Postcolonial feminist biblical interpretation is a new brand of hermeneutics that brings into feminist biblical studies the postcolonial theory of thinkers like Edward Said, Homi Bhabha, and Gayatri Spivak.
The term "postcolonial" implies that the phenomena of colonization persist in politics, economics, religions, cultures, and all fields with hidden forms of control, even though there is no longer any actual colonized land. Postcolonial interpretation regards the Bible as a colonial/postcolonial literary work, not only because it was written under the period of the Israelites' colonization, but also because it reflects post/colonial phenomena, including issues of power, identity, race, ethnicity, nation, culture, sexism, lands, etc.
Postcolonial feminist interpretation focuses on how gender is related to other postcolonial realities. Reading women in the Bible as postcolonial subjects is crucial, not only because women were considered the lowliest of the colonized, but also because they themselves are an important entre into postcolonial discourse, which is comprised of the issues just mentioned. In other words, when we deal with women's issues, we can approach related issues concurrently because they are not isolated but interconnected realities.
Postcolonial feminist criticism can help us rediscover women in the Gospel according to Mark as postcolonial subjects. Women in the Markan community were nameless, outsiders, marginalized, ambiguously situated, and without a language of their own. They were anonymous and invisible due to the structures of patriarchy and colonialism. Given the nature of their situation, these women share similarities with today's Third World women who suffer under neocolonialism and patriarchy.

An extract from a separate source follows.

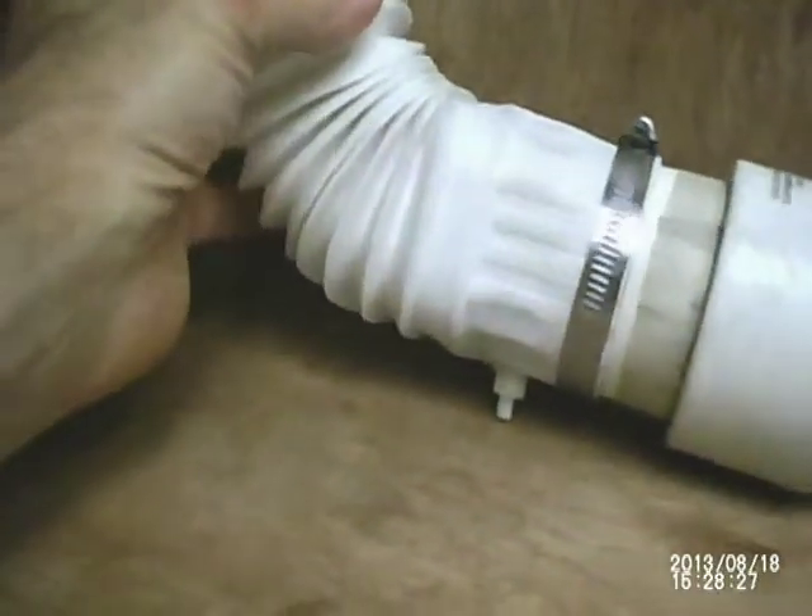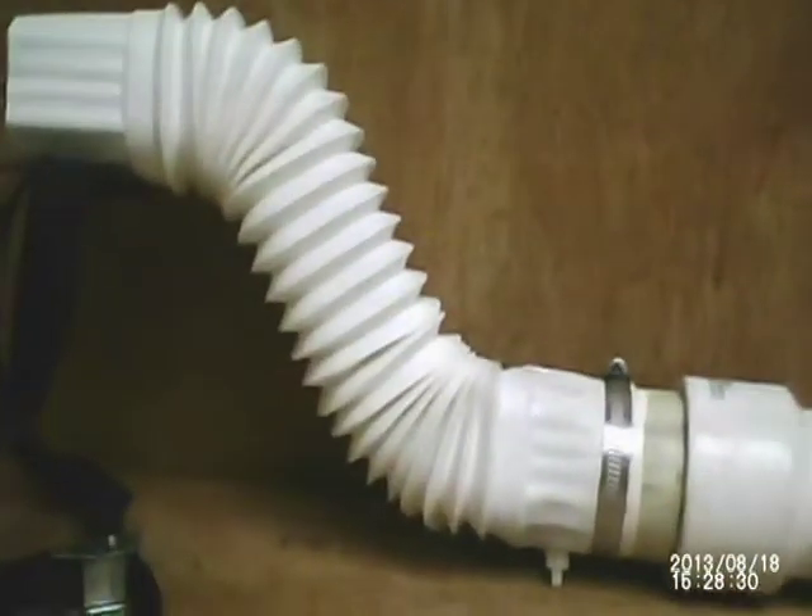Experimental gravity trap concentrator from Golden Sniffer Products.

There are three scenes involving women in Mark that stand out in an exploration of women as postcolonial subjects: the poor widow (Mark 12:41-44), the anointing woman (Mark 14:1-11), and the women at the cross and tomb (Mark 15:40-41, 47; 16:1-8). These stories of women all appear in the Gospel's finale, which begins with Jesus' entrance into Jerusalem and includes the last supper, Jesus' suffering and death, and the women's fear at the discovery of the empty tomb (Mark 11-16). The finale focuses on Jesus overturning the worldly empire by his suffering and death in anticipation of God's Kingdom. In this section, women play a significant role, providing clues for the reader as to how the Roman Empire is disrupted, how the Roman Emperor is threatened, and how God's Kingdom breaks through to the world.

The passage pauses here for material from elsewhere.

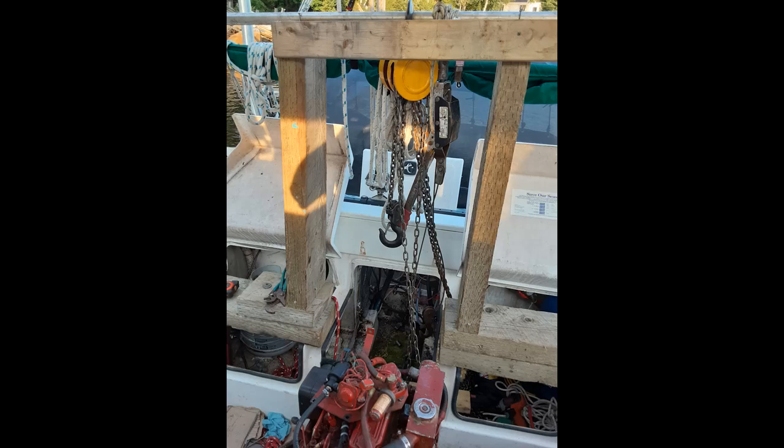I'll try to cover as many of the steps as I can without belaboring it. This is removing a Westerbeek 30B engine from a Gemini catamaran, in this case a 2001 105 MC.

Interestingly enough, these women in Mark show how unstable the system of the Empire is, and they rupture its identity and culture. For example, the poor widow (Mark 12:41-44) is a representative of colonized people in the period of Mark's community. She has been exploited by the Jewish local elites, who were collaborators with the Roman Empire in the temple system, which symbolized the Roman imperial cult and Rome's rule over the colonized Israelites (Mark 12:38-40). The widow's mite reflects her situation as an imperial victim: she had to pay temple tax as an offering even in her destitution. This widow throws out all the money she has in order to reveal how the imperial-temple system exploited poor widows as victims. In so doing, she signals the coming disruption of the Roman Empire (Mark 13:1-3). In other words, the poor widow could throw out all the money she had because she was anticipating the coming of God's Kingdom through Jesus' mission. Her radical action shows Jesus that she is ready to welcome God's Kingdom, which would proceed through Jesus' death and resurrection (viz., in the following passion narrative), thus anticipating the disruption of the Roman Empire.

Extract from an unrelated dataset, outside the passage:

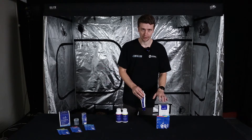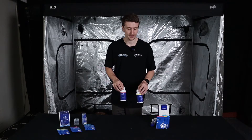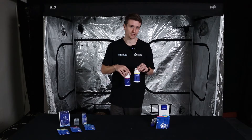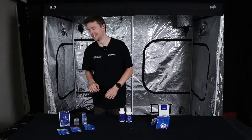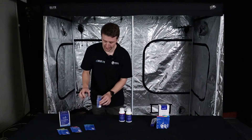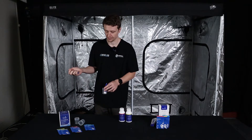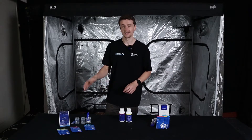Let me run through the products. There's the BlueLab PH pen, and here are some concentrate calibration solutions — if you're calibrating frequently, these bottles go much further than the sachets. Don't put the pen straight in the bottle; pour the solution into a small cap first. There's also the PH probe care kit, which includes extra sachets, small cups for pouring solution into, a little toothbrush, and a cleaning solution for the probe. Scale or film buildup on the probe can affect readings and response time, so cleaning it is quite important.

Women in Mark, as the most marginal of colonized people in the Roman Empire, will experience a lifestyle and rule system in the Kingdom of God proclaimed by Jesus quite the converse of the Roman imperial system (e.g. Mark 9:35; 10:29-31; 10:43-45). Their multiple identities in-between the Roman Empire and the Kingdom of God are threatening to the colonizer/patriarchal authority, but they bring hope to create a new society for liberating one another. By exploring the issues of Empire and gender in Mark's Gospel, one can reinterpret women in the narrative as subversive and threatening subjects in colonial/postcolonial situations. As such, they then function as examples of empowerment for contemporary women in the postcolonial world.